There have been historically two different approaches used in measurements of the total cross section \(\sigma ^{bare}_{tot}(e^+e^- \rightarrow p {\bar{p}})\). The scan method [1,2,3,4,5,6] in which the measurement of \(\sigma ^{bare}_{tot}(e^+e^- \rightarrow p {\bar{p}})\) is carried out by a change of the electron-positron collider energy from one value to another, and the novel more precise approach using the initial state radiation (ISR) technique of the process \(e^+e^-\rightarrow p{\bar{p}}(\gamma )\) [7,8,9,10,11] in which the c.m. energy squared s of the collider is fixed at the value of the maximal collider luminosity with subsequent measurement of \(\sigma ^{bare}_{tot}(e^+e^- \rightarrow p {\bar{p}})\) by a measurement of energy of the radiated photon from the initial electron or positron. In this way values of \(\sigma ^{bare}_{tot}(e^+e^- \rightarrow p {\bar{p}})\) are obtained from the threshold up to the energy at which the collider achieves the maximal value of its luminosity. This technique gives the data on \(\sigma ^{bare}_{tot}(e^+e^- \rightarrow p {\bar{p}})\) with reduced errors in comparison with the scan method and consequently in our investigations the data obtained by the ISR technique are always preferred.

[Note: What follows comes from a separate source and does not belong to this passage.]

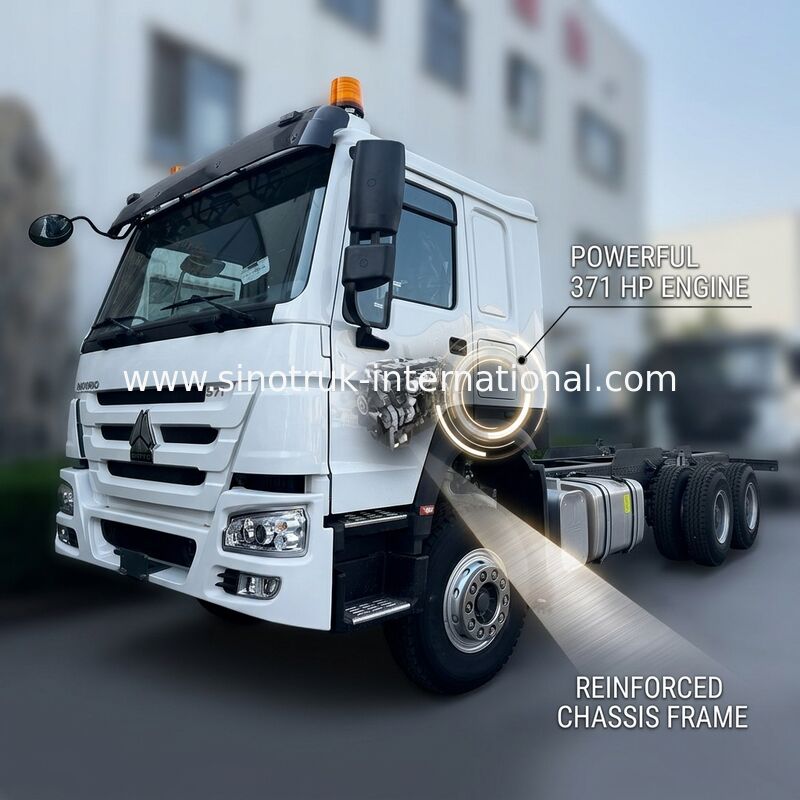 SINOTRUK HOWO ट्रक चेसिस SINOTRUK इंजन371HP 6 × 4 आरएचडी चेतावनी प्रकाश के साथ डंप ट्रक कार्गो ट्रक पानी ट्रक में इस्तेमाल किया
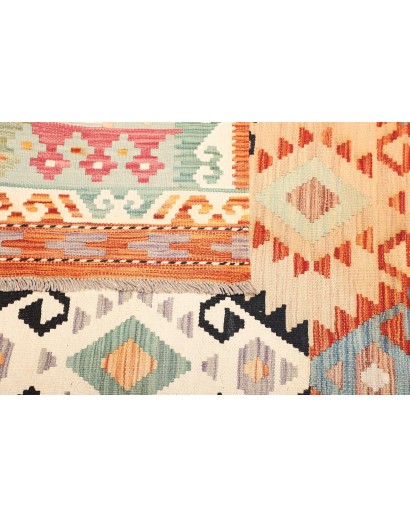 Tappeto Kilim Afghanistan bianco arancione 170x247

The behavior of the measured \(\sigma ^{bare}_{tot}(e^+e^- \rightarrow p \bar{p})\) is described theoretically by the relation

$$\begin{aligned} \sigma _{tot}(e^+e^- \rightarrow p {\bar{p}}){} & {} \,=\,\frac{4 \pi \alpha ^2 C_p \beta _p(s)}{3 s} \left[ |G^p_M(s)|^2\right. \nonumber \\{} & {} \left. \quad +\frac{2m_p^2}{s}|G^p_E(s)|^2\right] , \end{aligned}$$

(1)

with \(\beta _p(s)\,=\,\sqrt{1-\frac{4 m^2_p}{s}}\), \(\alpha \,=\,1/137\) and where \(C_p\,=\,\frac{\pi \alpha / \beta _p(s)}{1-\exp (-\pi \alpha / \beta _p(s))}\) is the so-called Sommerfeld-Gamov- Sakharov Coulomb enhancement factor [12], which accounts for the electromagnetic (EM) interaction between the outgoing proton and antiproton, and s is the c.m. energy squared.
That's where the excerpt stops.